Vendas do cimento apresentam sua segunda queda consecutiva

Apesar das vendas acumuladas de cimento no Brasil até outubro continuarem registrando alta no período, o resultado mensal é o pior do ano.

Penna analisa quadro com preocupação (Foto: Web)

Penna, Sindicato Nacional da Indústria de Cimento, analisa quadro de endividamento (Foto: Web)

De acordo com o Sindicato Nacional da Indústria de Cimento (SNIC), o volume de vendas em outubro totalizou 5,4 milhões de toneladas, uma queda de 9,5% em relação ao mesmo mês de 2020. No entanto, no acumulado do ano (janeiro a outubro), os números permanecem positivos, alcançando 54,6 milhões de toneladas, aumento de 7,5% comparado ao mesmo período do ano passado.

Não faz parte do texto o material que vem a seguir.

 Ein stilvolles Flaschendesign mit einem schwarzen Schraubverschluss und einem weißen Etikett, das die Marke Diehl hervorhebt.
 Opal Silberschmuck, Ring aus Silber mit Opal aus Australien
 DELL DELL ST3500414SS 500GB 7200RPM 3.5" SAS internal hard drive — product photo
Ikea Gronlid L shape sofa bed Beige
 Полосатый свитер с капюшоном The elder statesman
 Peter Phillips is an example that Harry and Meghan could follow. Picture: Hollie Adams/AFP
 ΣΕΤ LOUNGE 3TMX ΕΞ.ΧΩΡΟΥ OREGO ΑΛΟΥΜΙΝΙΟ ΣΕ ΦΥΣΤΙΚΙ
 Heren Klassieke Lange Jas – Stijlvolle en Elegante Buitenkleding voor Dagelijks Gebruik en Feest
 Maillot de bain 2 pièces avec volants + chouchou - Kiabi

A performance da indústria vem demonstrando uma trajetória descendente desde abril, quando o acumulado do ano atingiu o pico com 20,8%. Ao se analisar a venda de cimento por dia útil, 237,3 mil toneladas em outubro, a queda é de 4,2% comparada com ao mês anterior – demonstrando, mais uma vez, que o período de maior crescimento no ano ficou para trás.

Endividamento

O desempenho do mercado imobiliário, a melhora nos índices de confiança do consumidor e do empresariado e, ainda que pequena e lenta, a recuperação do mercado de trabalho, sustentaram as vendas do setor. Em contrapartida, a queda da atividade industrial, as altas da inflação e dos juros somadas a perda da massa salarial (elevado desemprego e a diminuição na renda) e fraco desempenho das lojas de materiais de construção afetaram de modo significativo a indústria do cimento.

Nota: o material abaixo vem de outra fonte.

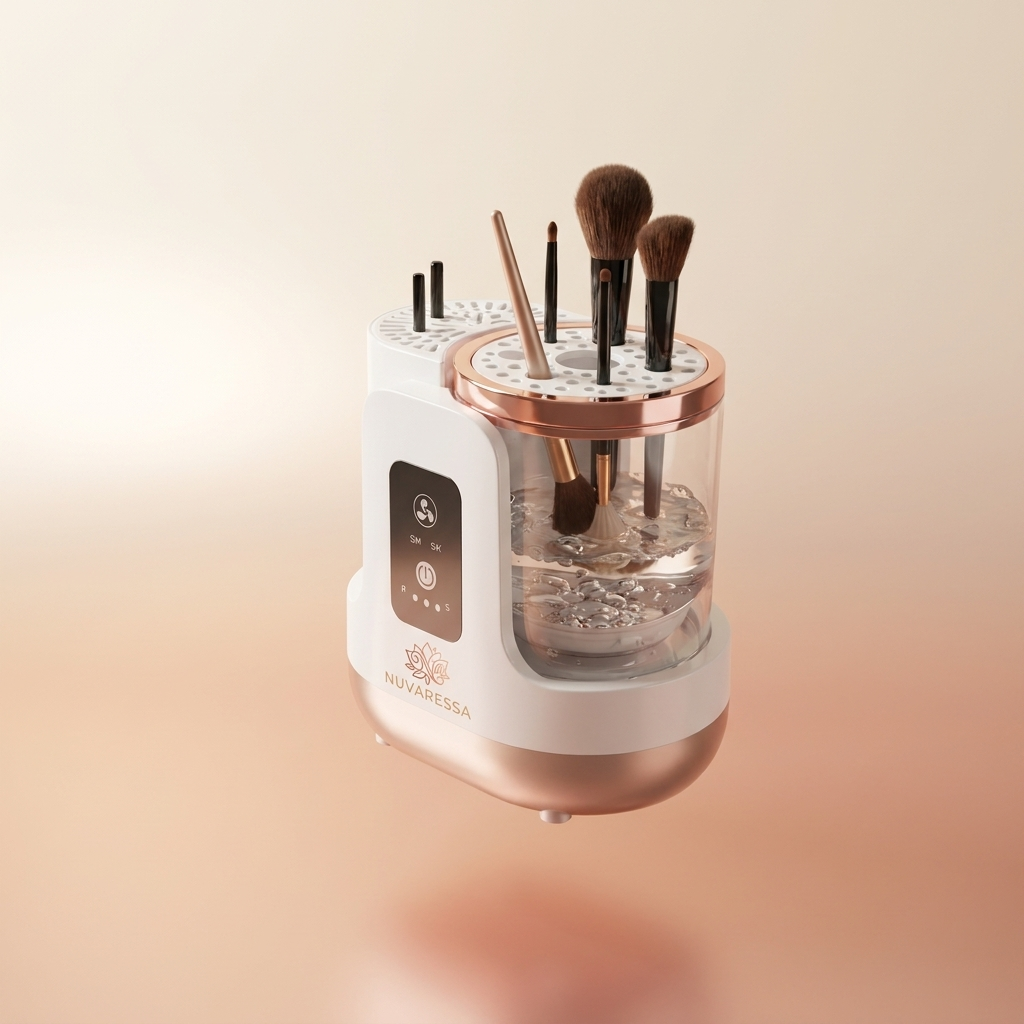 Nuvaressa Rechargeable Brush Cleaner floating hero shot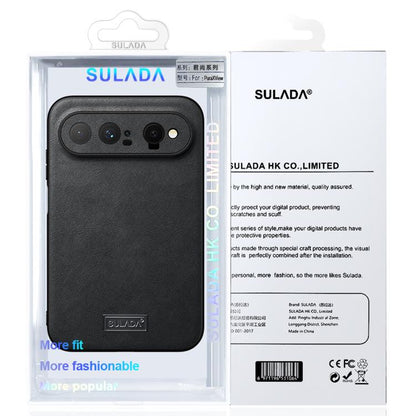 SULADA Shockproof TPU Hybrid Handmade Leather Precise Hole Phone Case, For Huawei Pura X View, For Huawei Pura 90 Pro Max 5G, For Huawei Pura 90 Pro 5G, For Huawei Nova 15 Ultra, For Huawei Nova 15 Pro, For Huawei Nova 15, For Huawei Mate 80 RS Ultimat...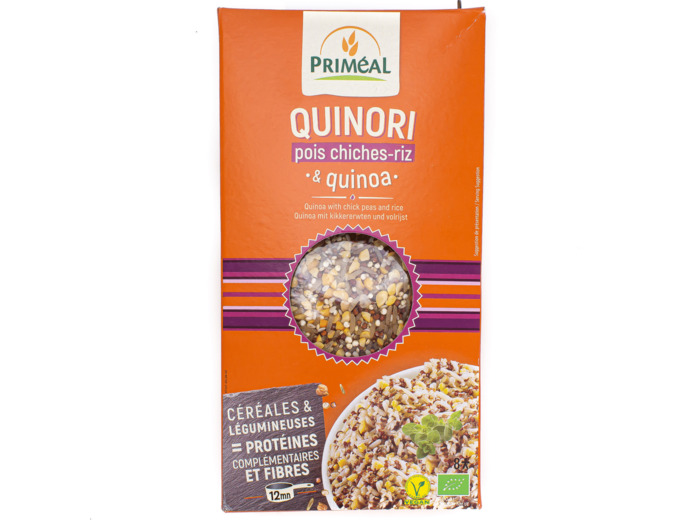 Quinori Pois Chiches Riz Quinoa Bio 500g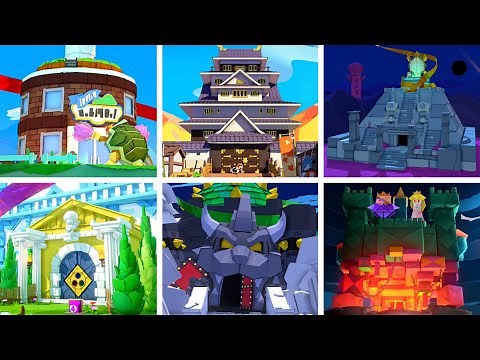 Paper Mario: The Origami King - All Final Castles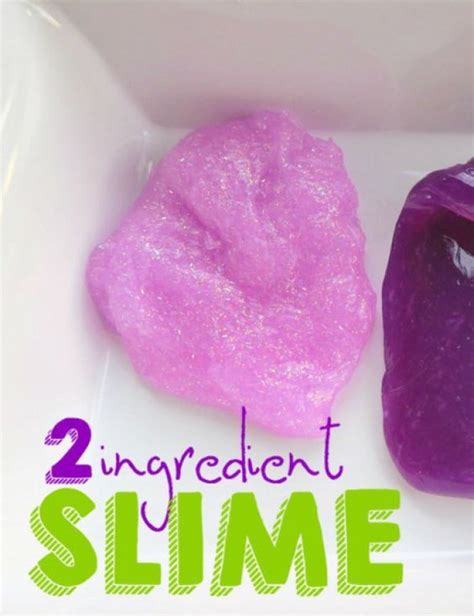 How To Make 2 Ingredient Slime Raining Hot Coupons Slime Craft Slime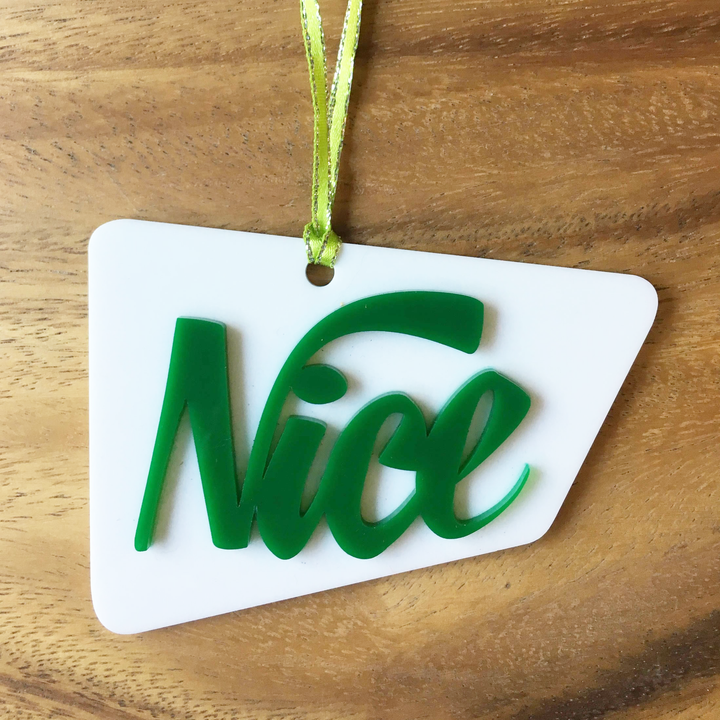 Naughty & Nice Christmas Ornaments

“A preocupação da indústria do cimento continua relacionada ao alto endividamento – a maior da série histórica iniciada em 2005 – e a queda na renda do brasileiro, além dos conhecidos gargalos e o aumento dos preços dos commodities industriais como coque, energia elétrica, frete, sacaria e refratários”, comenta Paulo Camillo Penna, presidente do Snic.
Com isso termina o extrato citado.